While Elle is constantly stereotyped because of how she looks, apparently, she is also hired as an intern because of it, which is established when her professor makes a pass at her. To make it as a lawyer, she is expected to give in to the pressure of her superiors. While conversations around such issues have finally started coming up with the #MeToo movement, Legally Blonde was way ahead of its time to talk about the dark side of working life for women.

Casual Sexism


Being a woman, trying to make a place in a patriarchal society comes with its own set of challenges, one of them being working ten times harder to receive some respect. The film addresses this subject when Vivian (played by Selma Blair) is constantly seen bringing coffee at her professor’s beck and call rather than getting actual work.
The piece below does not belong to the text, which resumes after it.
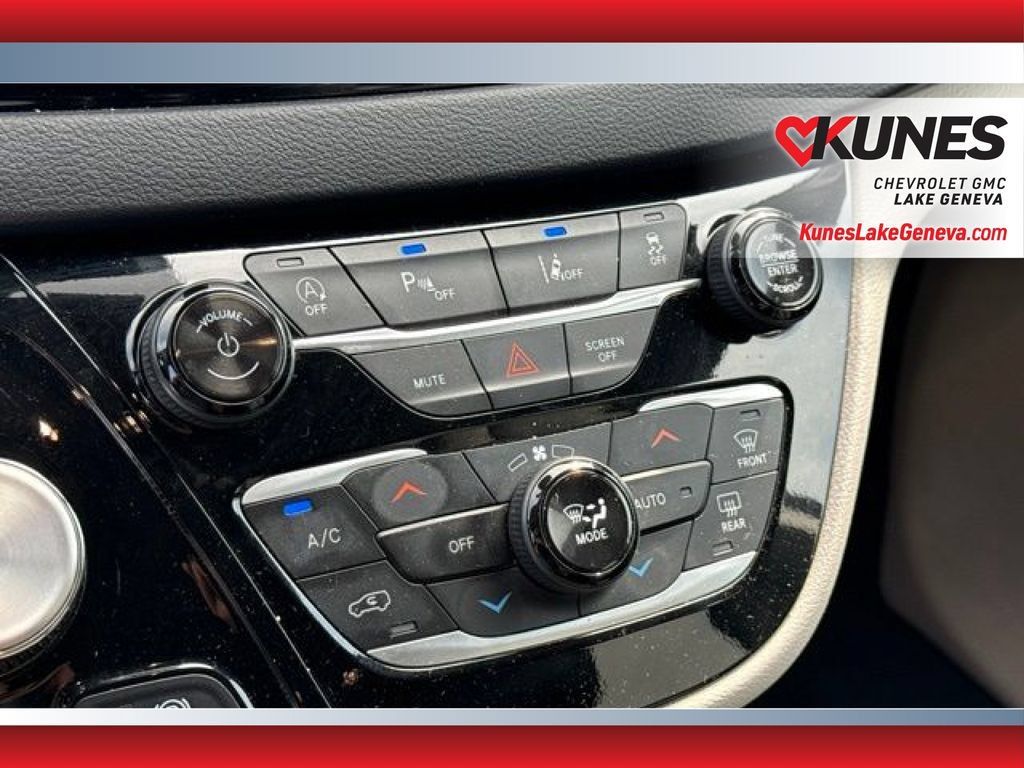 Used 2024 Chrysler Pacifica Touring-L FWD image 19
Whereas the boys are never sent on such coffee runs or grunt work. Well, why should boys have all the fun?

Female Companionship


As seen in the movie, Elle is happiest when she’s around her girls. Be it her sorority best friends, Paulette from the salon, her client Brooke or even her nemesis-turned-best friend Vivian; she is all about female friendships and empowerment. The film shows sisterhood in simple ways—Elle fighting for her friend Paulette’s dog, her sorority sisters helping her study and showing up for her first trial, hearing out Vivian’s concerns about their professor being biased, or even Professor Stormwell having her back when Elle almost gave up. With Elle’s warm personality and her powerful friendships, the film brought down yet another stereotype of women being catty and spiteful to each other.

On Being Feminine


It is evident right from the beginning of the movie that Elle is a fashionista and completely obsessed with all things pink and fuzzy. Her passion for fashion is, however, mistaken for her not being smart enough and is constantly questioned by her boyfriend Warner (“If I’m going to be a senator, I need to marry a Jackie, not a Marilyn”), her parents and even the salesgirl at the store who was ultimately shot down by Elle’s wit and knowledge. But who said being smart and fashionable have to be mutually exclusive? The film further proves that one doesn’t have to choose- get the best of both worlds, girls!

Confidence Is Key


Elle remains confident despite facing persistent misogyny, being stereotyped against, and a lack of faith from those around her. The fact that she kept her client’s alibi a secret and yet had faith to win the case is symbolic of her self-confident nature. Elle remains iconic for many reasons, but her ‘never doubt yourself’ attitude is certainly inspiring.

The movie began with not so feminist intentions and turned into something of a trailblazer- shattering stereotypes, calling out injustices and nurturing female friendships. What? Like it’s hard?